┌────────
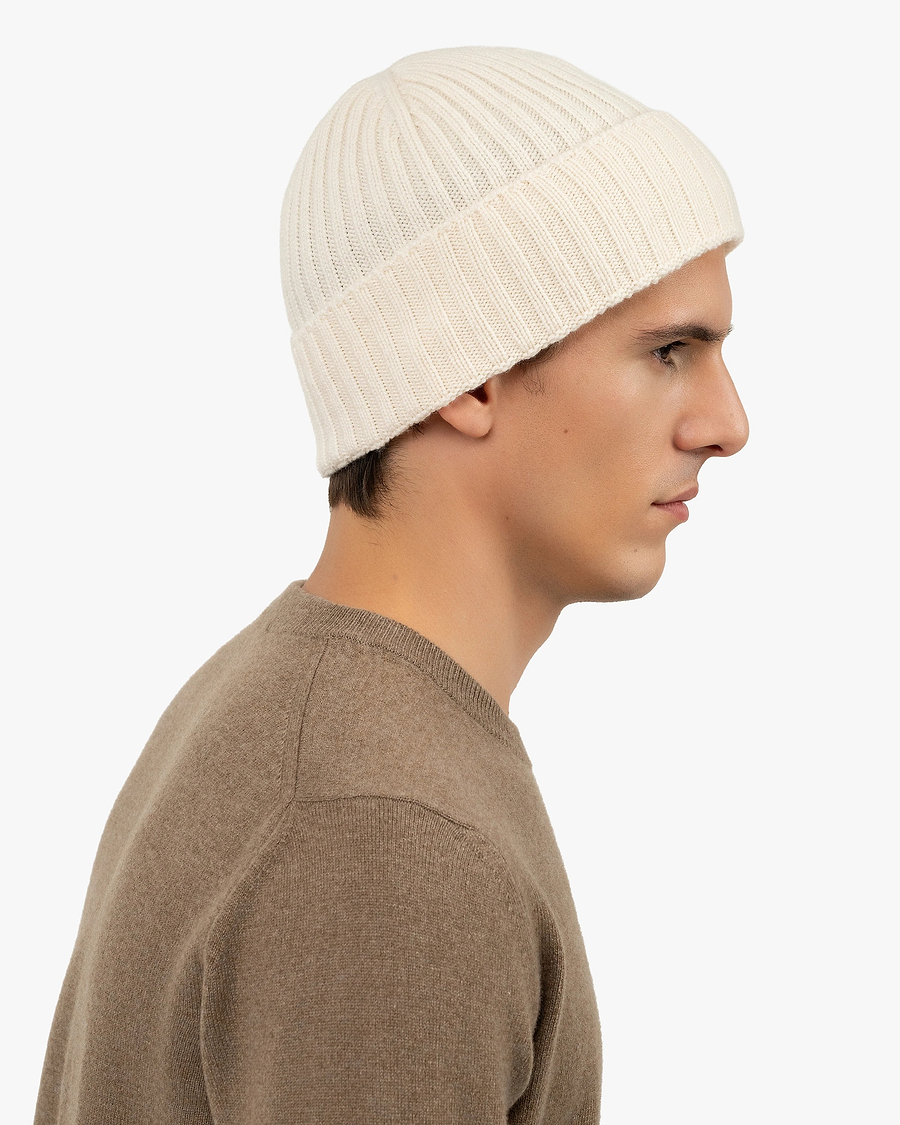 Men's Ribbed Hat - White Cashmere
└────────
┌────────
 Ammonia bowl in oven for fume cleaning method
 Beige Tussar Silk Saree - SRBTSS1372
└────────
┌────────
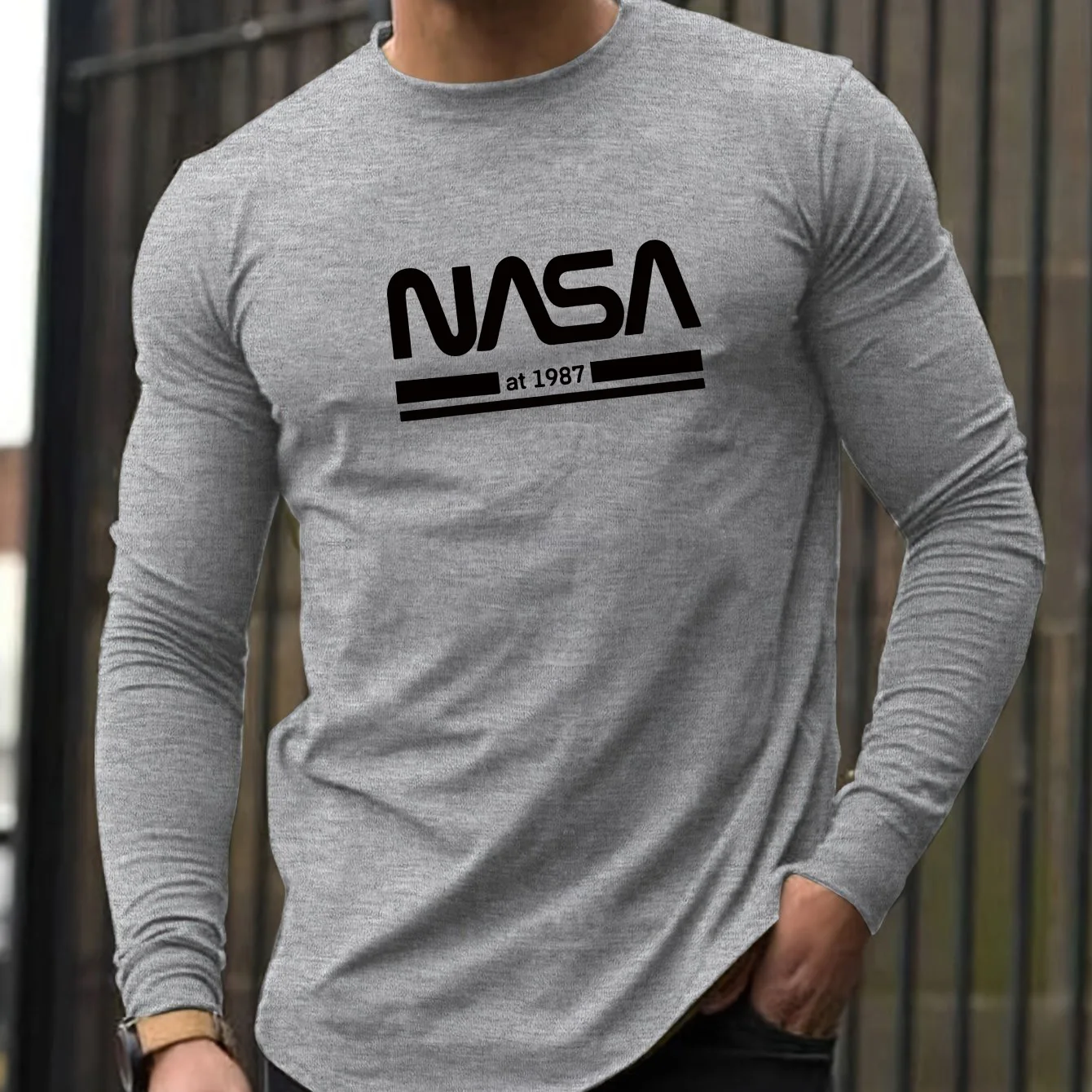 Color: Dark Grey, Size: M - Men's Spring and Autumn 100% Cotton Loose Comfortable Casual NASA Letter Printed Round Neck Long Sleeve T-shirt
└────────
▶ What you will do
Using only the entries above, output the line with "Ammonia bowl in", the line with "Beige Tussar Silk Saree - SRBTSS1372", and all lines between them, exactly as they stand.

▶ Response to the task
 Ammonia bowl in oven for fume cleaning method
 Beige Tussar Silk Saree - SRBTSS1372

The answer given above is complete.